- Provided records -
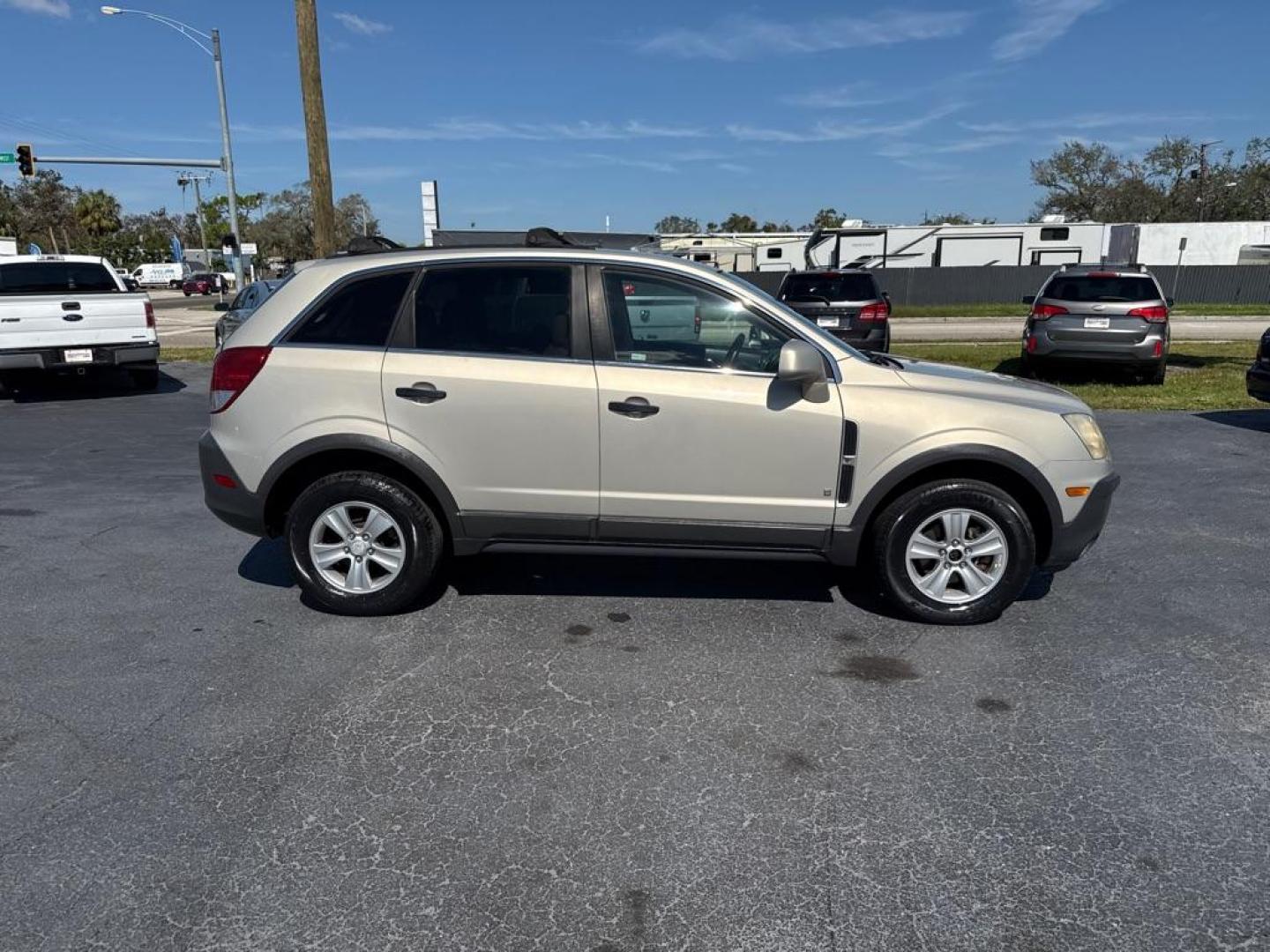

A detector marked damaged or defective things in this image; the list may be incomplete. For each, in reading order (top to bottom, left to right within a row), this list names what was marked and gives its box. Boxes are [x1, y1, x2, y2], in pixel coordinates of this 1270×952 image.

cracked pavement [0, 360, 1265, 949]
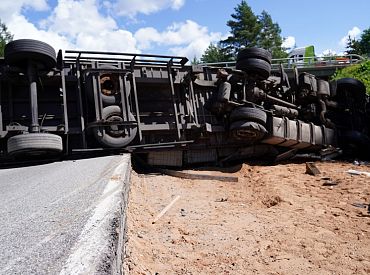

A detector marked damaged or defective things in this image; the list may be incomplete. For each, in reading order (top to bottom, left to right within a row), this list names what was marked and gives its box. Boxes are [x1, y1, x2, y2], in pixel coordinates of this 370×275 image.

overturned truck [0, 39, 370, 166]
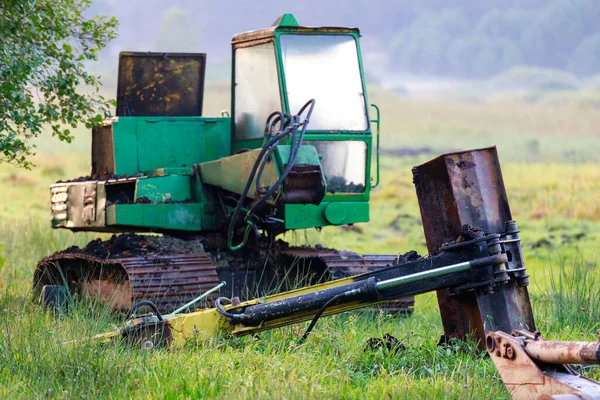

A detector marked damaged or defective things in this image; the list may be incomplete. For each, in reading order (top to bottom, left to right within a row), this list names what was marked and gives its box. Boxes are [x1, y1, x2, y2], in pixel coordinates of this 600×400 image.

rusty metal panel [116, 52, 207, 117]
rusted steel tube [524, 340, 600, 364]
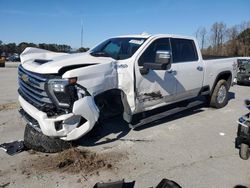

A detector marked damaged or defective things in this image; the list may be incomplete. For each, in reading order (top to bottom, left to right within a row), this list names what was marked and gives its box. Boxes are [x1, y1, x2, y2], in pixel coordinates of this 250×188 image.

crumpled hood [21, 47, 114, 74]
damaged front end [18, 64, 99, 140]
broken headlight [47, 79, 77, 108]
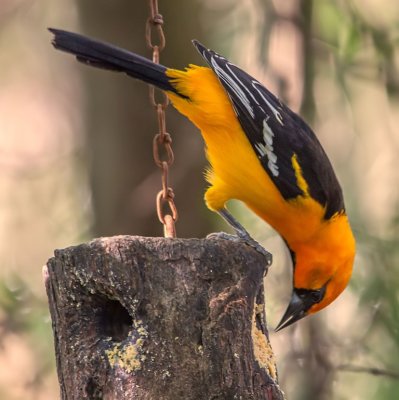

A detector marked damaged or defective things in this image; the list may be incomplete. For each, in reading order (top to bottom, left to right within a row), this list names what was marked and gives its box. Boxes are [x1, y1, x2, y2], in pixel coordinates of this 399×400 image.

rusty metal chain [145, 0, 178, 238]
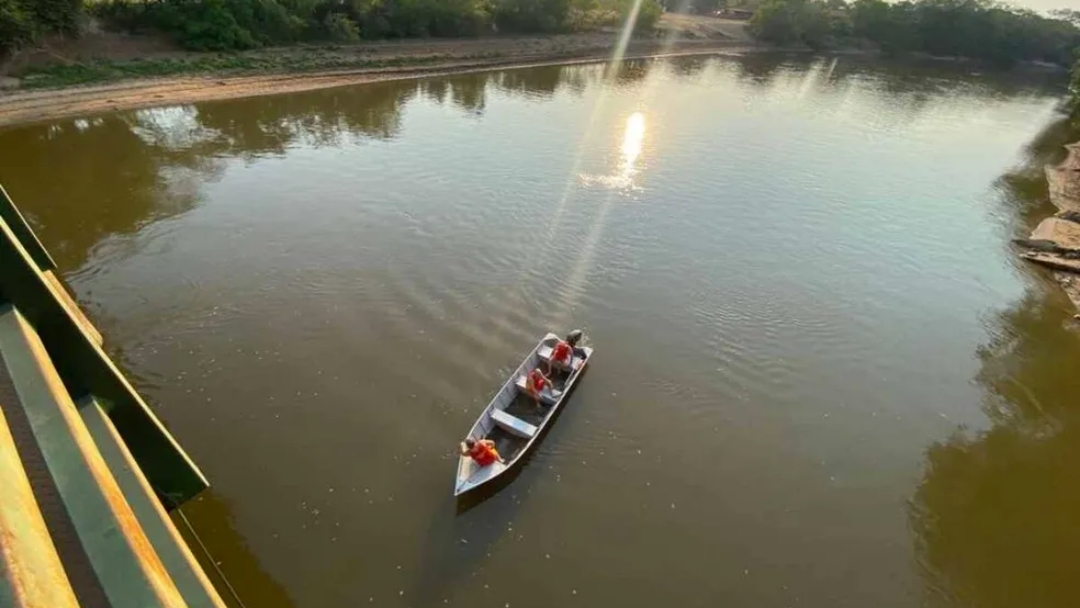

- What you should do -
Everything in the listing should be repeated exactly except the pictures.

- Answer section -
A detector marked damaged or defective things in this image; the list may be incomplete. For each, in reading order (top to bottom, left to right within a row), this list names what was marked and gives its box. Boxes are [x1, y1, x2, y2], in pixel coordinates of this 1270×952 image.

cracked pavement [0, 360, 1265, 949]

A detector marked damaged or defective things in this image; the list may be incomplete. For each, in reading order (top to bottom, left to right within a row), this list names what was marked and gives its box. Boxes are [x1, y1, x2, y2], in pixel coordinates of this 370×275 image.

overturned truck [0, 39, 370, 166]

A detector marked damaged or defective things in this image; the list may be incomplete. For each, in reading order (top to bottom, left to right within a row), this list names what was marked and gives its box. Boxes are [x1, y1, x2, y2], in pixel coordinates of this 600×400 image.

rusty metal panel [116, 52, 207, 117]
rusted steel tube [524, 340, 600, 364]

A detector marked damaged or defective things in this image; the list may be incomplete. For each, in reading order (top to bottom, left to right within a row), this list names what was marked and gives its box. Boxes are [x1, y1, x2, y2], in pixel coordinates of this 250×188 image.

crumpled hood [21, 47, 114, 74]
damaged front end [18, 64, 99, 140]
broken headlight [47, 79, 77, 108]

A detector marked damaged or defective things in this image; the list may be incomplete. For each, in reading order (top to bottom, left to right within a row), this list names what was marked and gives its box. Boxes are [x1, y1, x2, y2], in pixel coordinates of this 399×400 image.

rusty metal chain [145, 0, 178, 238]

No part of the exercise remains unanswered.